Another great resource is facebook. There are many groups for distance riding, including some "green bean" groups which are specifically meant for newbies. I am involved in mostly groups for the Northeast, and I suspect there are similar groups for your region (which is technically Central, but you may find rides in the MidWest are not too far either). The groups that deal with the whole country can be a bit.. overwhelming.. so please don't join one of those and think everyone involved in distance riding is crazy!


----------



## 2scicrazed (Apr 7, 2014)

Phatomhorse has soome good advice. Being a volunteer is a great way to get your feet wet. 

For conditioning you and your horse, the best way to start is looooonnnnnggggg slow day rides at your local state/federal parks (these are also where a lot of AERC events are held) Going for weekend camping trips are even better. You can even find big trail riding groups/events to go to. 

The main points of training are:

#1 - get your horse(s) used to big groups of strange horses and to ride peacefully in them for an entire day.

#2 - find out which tack does and does not work for you or your horse on long rides of 4 hours or more. 

#3 - by starting at slow pace, you'll build the horse's bones, joints and muscles up slowly with less risk of injury. 

#4 - by training over the same terrain as your local AERC rides will be (AKA same parks/trails) your horse will be able to handle any terrain challenges unique to your region/state. 

#5 - once you've figured out which equipment and clothing work for you and your mount over a 4+ hour trail ride - then start doing shorter faster training rides to build up some speed and find your perfect pace. 

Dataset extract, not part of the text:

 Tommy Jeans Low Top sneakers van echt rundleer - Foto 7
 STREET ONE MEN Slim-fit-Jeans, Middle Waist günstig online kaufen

#6 - once you've volunteered at a ride or two, then you will know how to 'dress reherse' the vet checks, holds and distances during training rides. That's when you start experimenting with different snacks/hays/fiber/electrolytes for both you and your horse.

And finally, when you DO do your first LD (25-30 miles) - DO NOT test out anything new!!! I've had so many failures and seen so many failures by riders testing out a new product at the ride itself. (Like the time I tried Monkey Butt salve after riding a 50 on a Fri & looking at riding a second 50 the next day (_my first 2-day 100 on 2 horses)_ - let's just say I found out the hard way I'm allergic to it. And rode the second 50 miles that weekend laying flat over the back of my saddle horse with tush up in the air. Hysterical in hindsight!!!! However, I did successfully complete the second 50!)

And have fun! The best excuse to do a lot of trail riding is to get into endurance


----------